# WHAT THE TASK ASKS
Apart from the images, reproduce all of the data word for word.

# DATA EXCERPTS
=== Section Start ===
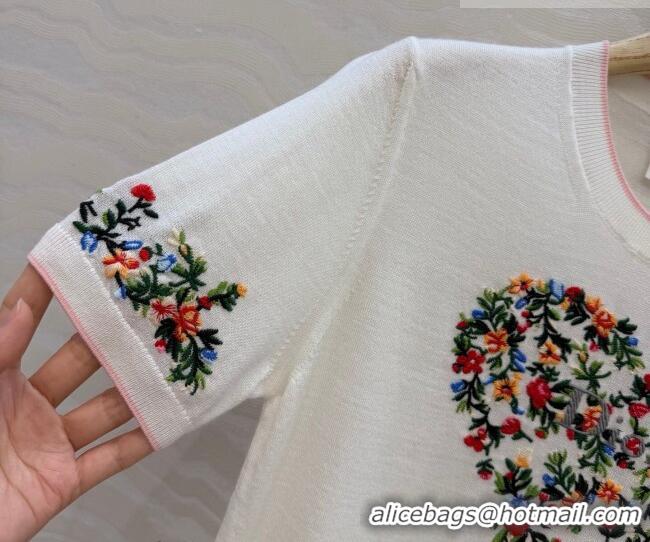 Grade Quality Dior Knit Short-sleeved Sweater with Heart embroidery DR042213 White 2026
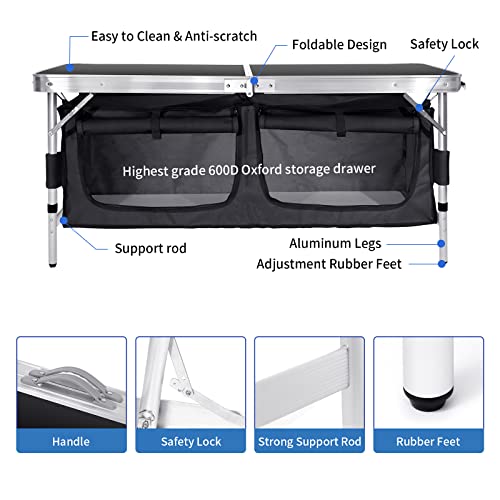 Moosinily 4 Feet Folding Table Aluminum Portable Camping Table Adj...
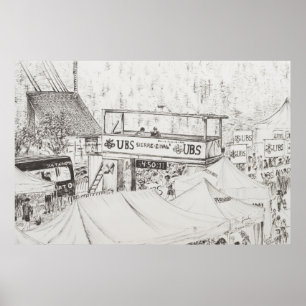 Sierre zum Zinal Gebirgsrennen das Ende 2012. Poster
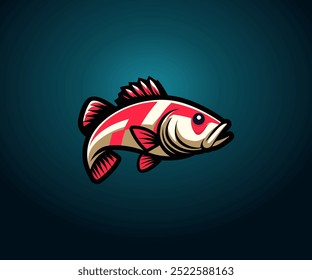 A stylized illustration of a fish with vibrant colors and design.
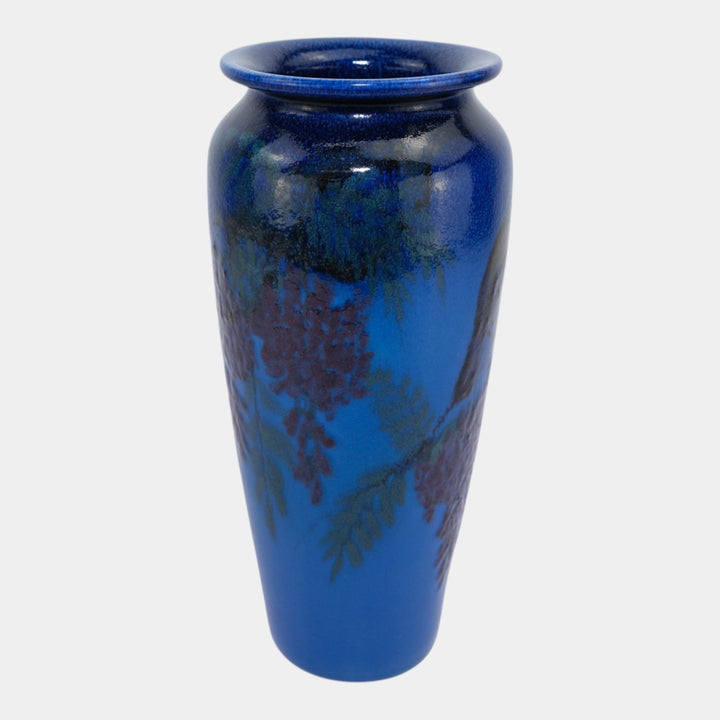Rookwood 1924 Art Deco Pottery Birds On Wisteria Branch Blue Vase 2790 Hurley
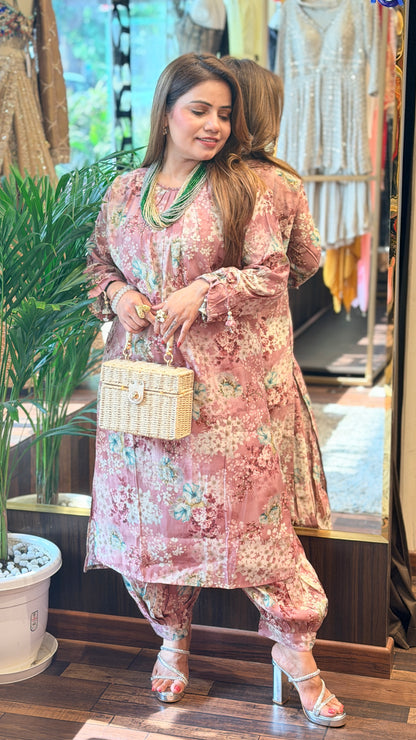 Blush Floral Printed Kurta Set | Boho Luxe Edit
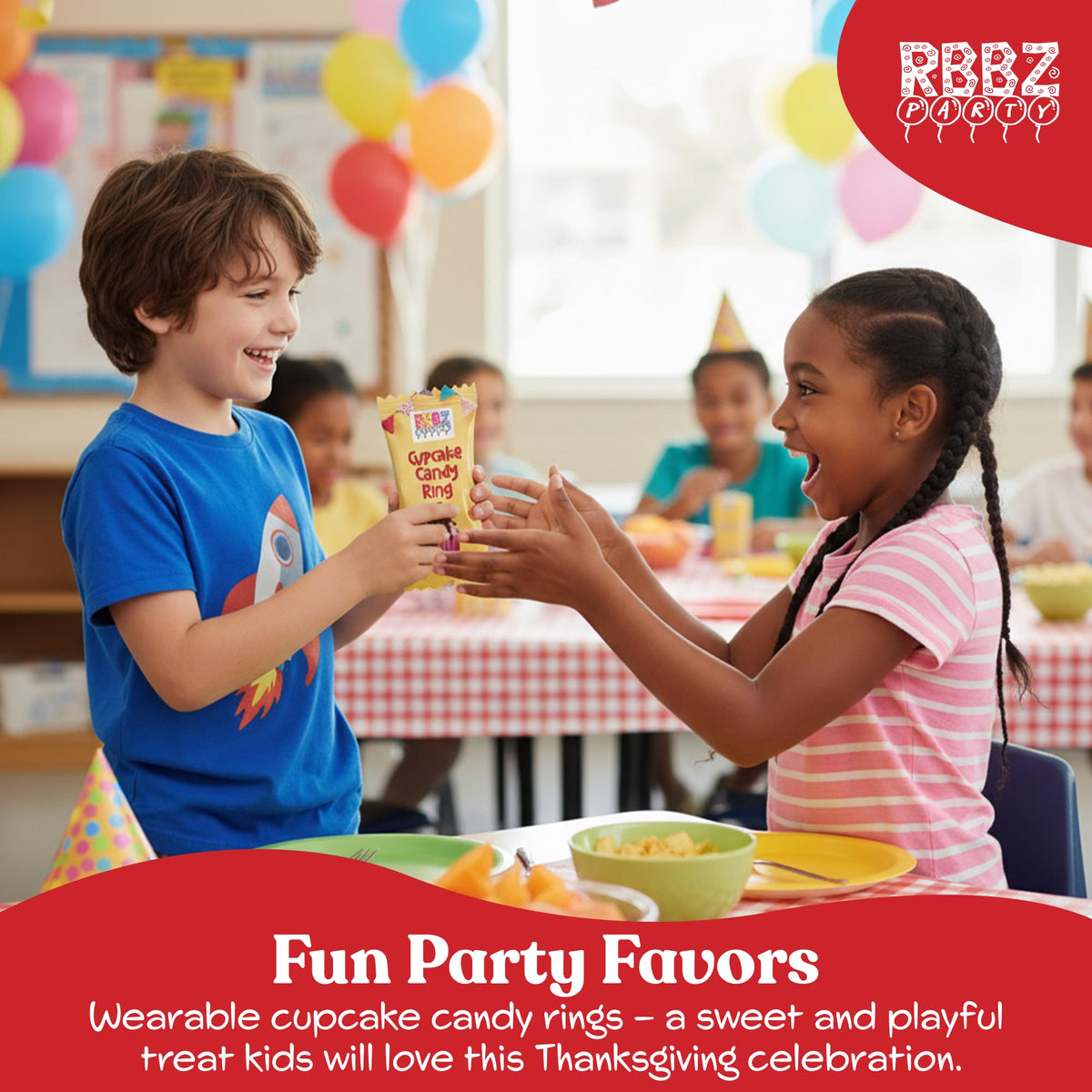RBBZ Party Cupcake Candy Rings on display — vibrant centerpieces for sweet tables.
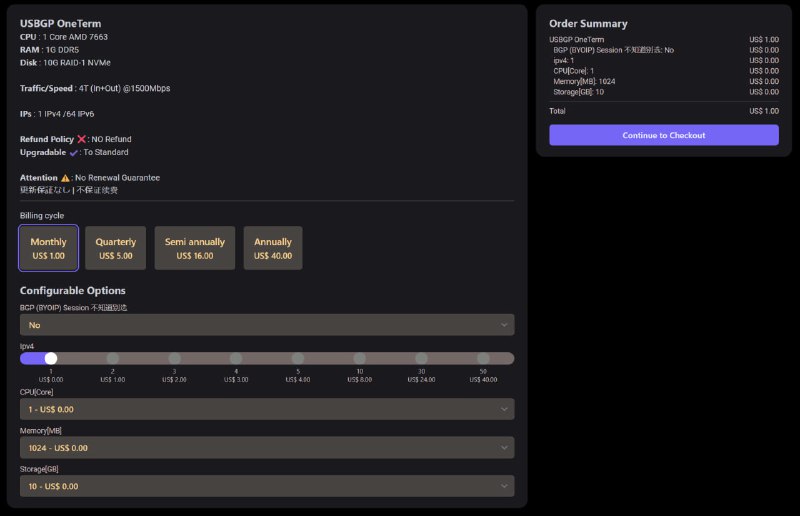 #营销推出一次性产品 [美国OneTerm]该产品不保证可以续费, 配置不可增加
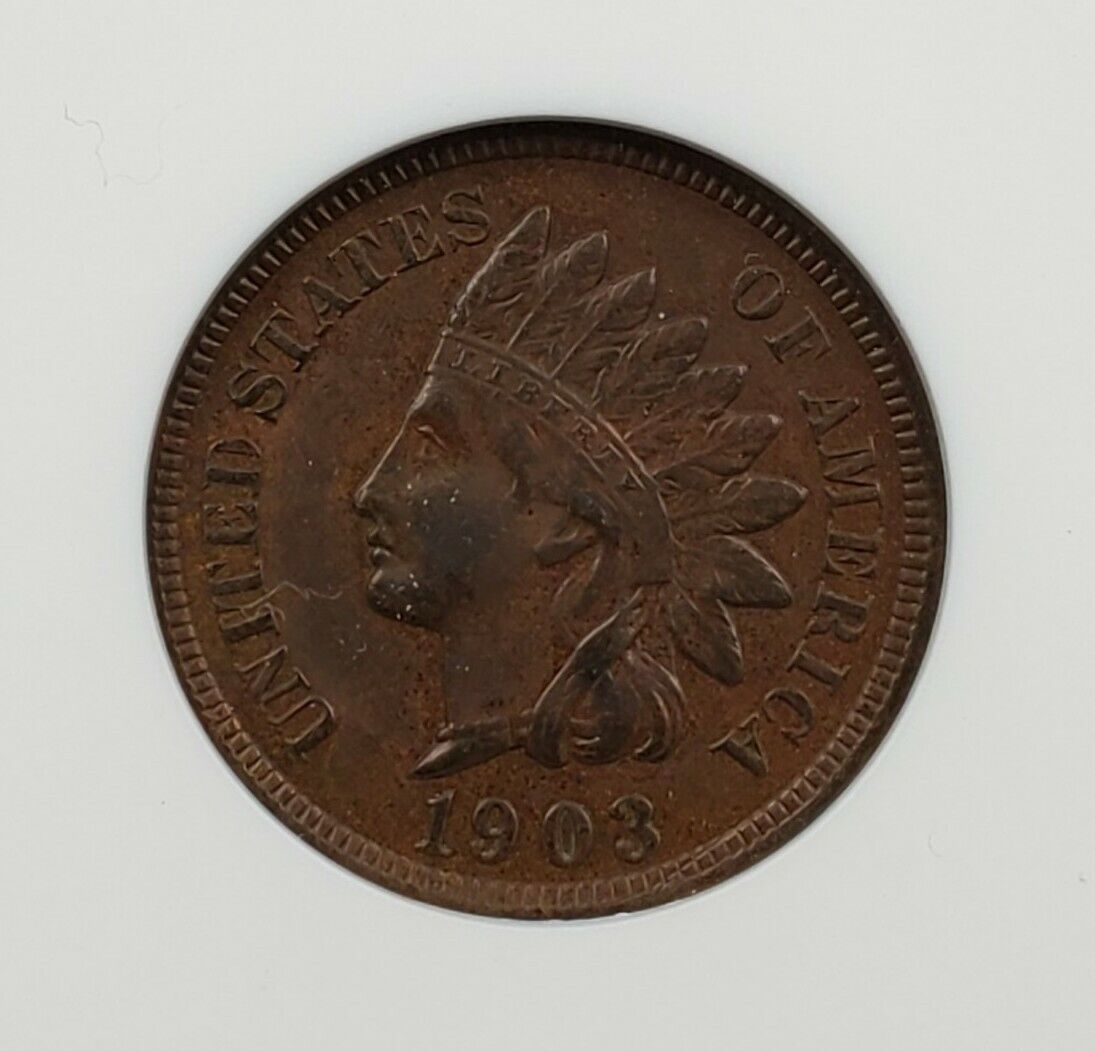 1902 Indian Cent Penny Error Variety ANACS AU Details S-4 RPD-004 Repunched Date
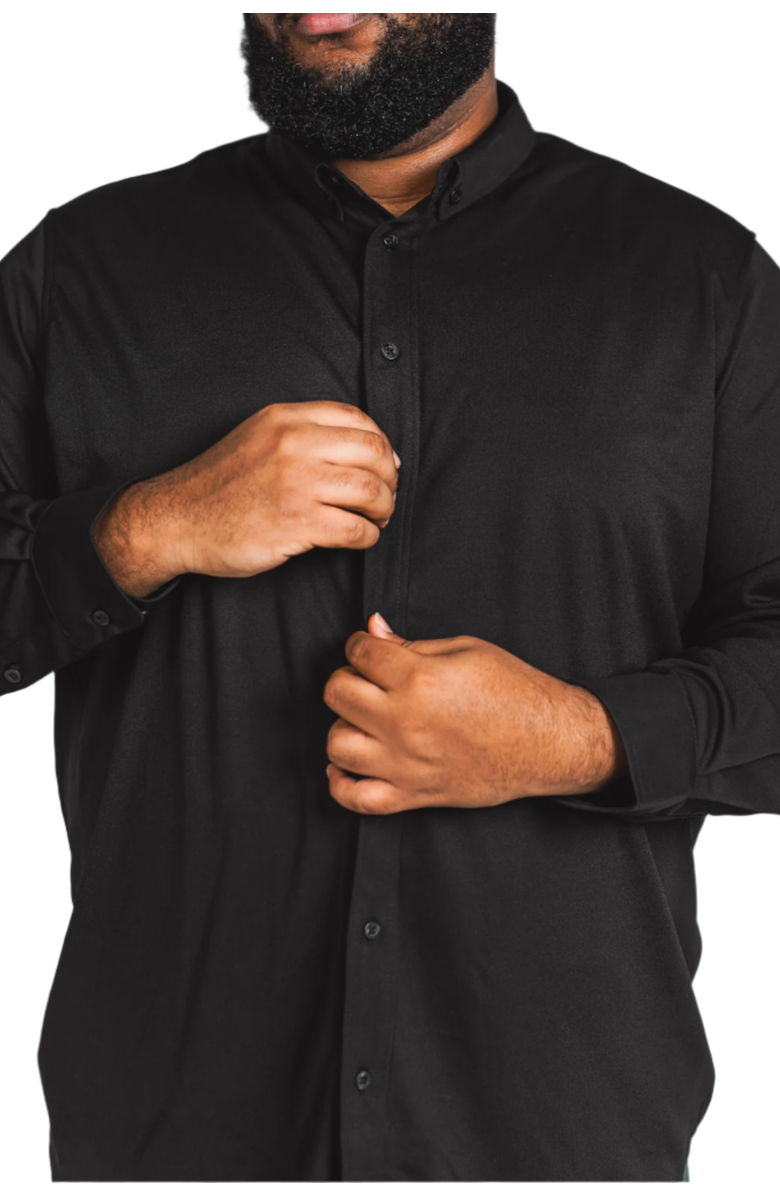 Regent Row Men’s Big and Tall Commuter Shirt, Long Sleeve Button Down, Tailored Fit, Spread Collar, Performance Fabric, Stylish & Casual Breathable Shirt, Main, color, Black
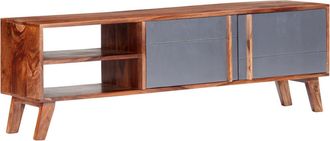 vidaXL Vidaxl - Mueble Para Tv Madera Maciza Gris 140x30x35 Cm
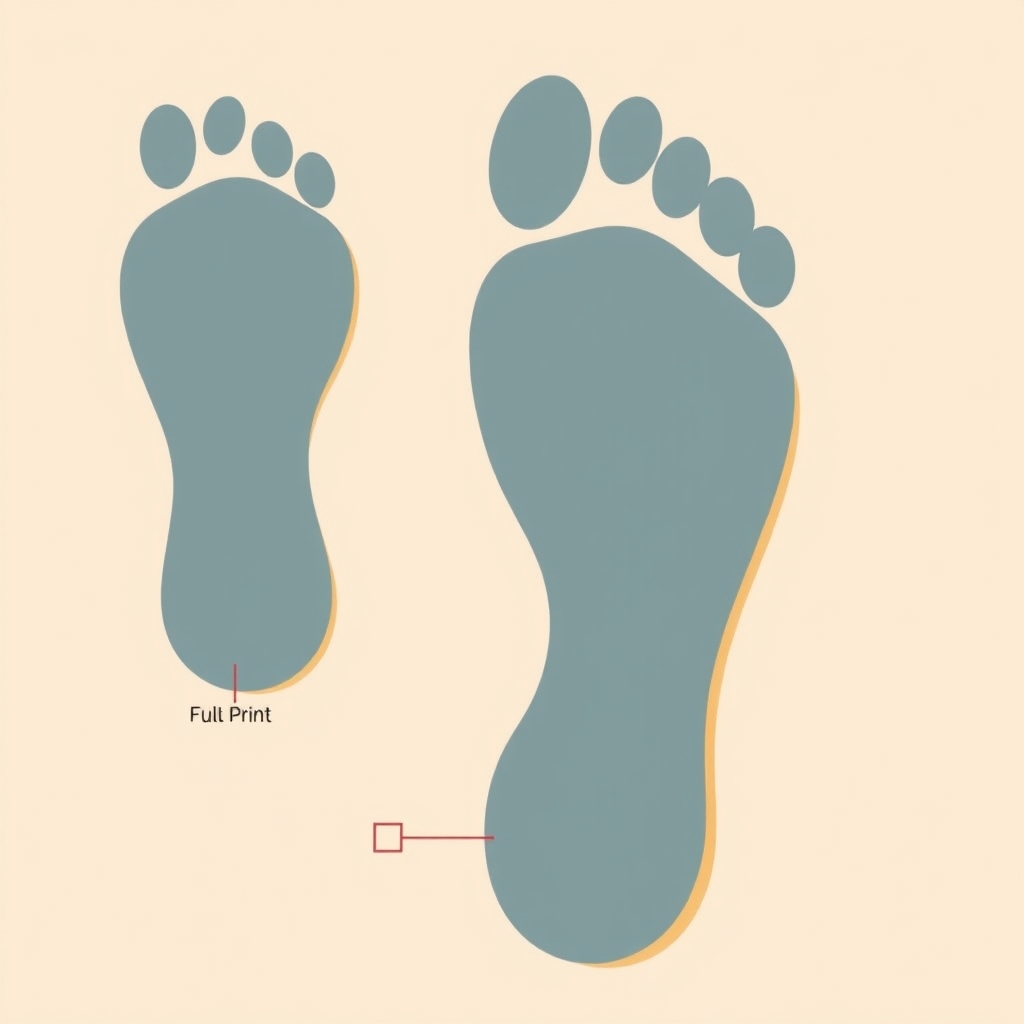 neutral running shoes — Three wet footprint shapes illustrating flat arch, normal arch, and high arch side by side on a neutral background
=== Section End ===
# WRITTEN RESPONSE
 Grade Quality Dior Knit Short-sleeved Sweater with Heart embroidery DR042213 White 2026
 Moosinily 4 Feet Folding Table Aluminum Portable Camping Table Adj...
 Sierre zum Zinal Gebirgsrennen das Ende 2012. Poster
 A stylized illustration of a fish with vibrant colors and design.
Rookwood 1924 Art Deco Pottery Birds On Wisteria Branch Blue Vase 2790 Hurley
 Blush Floral Printed Kurta Set | Boho Luxe Edit
RBBZ Party Cupcake Candy Rings on display — vibrant centerpieces for sweet tables.
 #营销推出一次性产品 [美国OneTerm]该产品不保证可以续费, 配置不可增加
 1902 Indian Cent Penny Error Variety ANACS AU Details S-4 RPD-004 Repunched Date
 Regent Row Men’s Big and Tall Commuter Shirt, Long Sleeve Button Down, Tailored Fit, Spread Collar, Performance Fabric, Stylish & Casual Breathable Shirt, Main, color, Black
 vidaXL Vidaxl - Mueble Para Tv Madera Maciza Gris 140x30x35 Cm
 neutral running shoes — Three wet footprint shapes illustrating flat arch, normal arch, and high arch side by side on a neutral background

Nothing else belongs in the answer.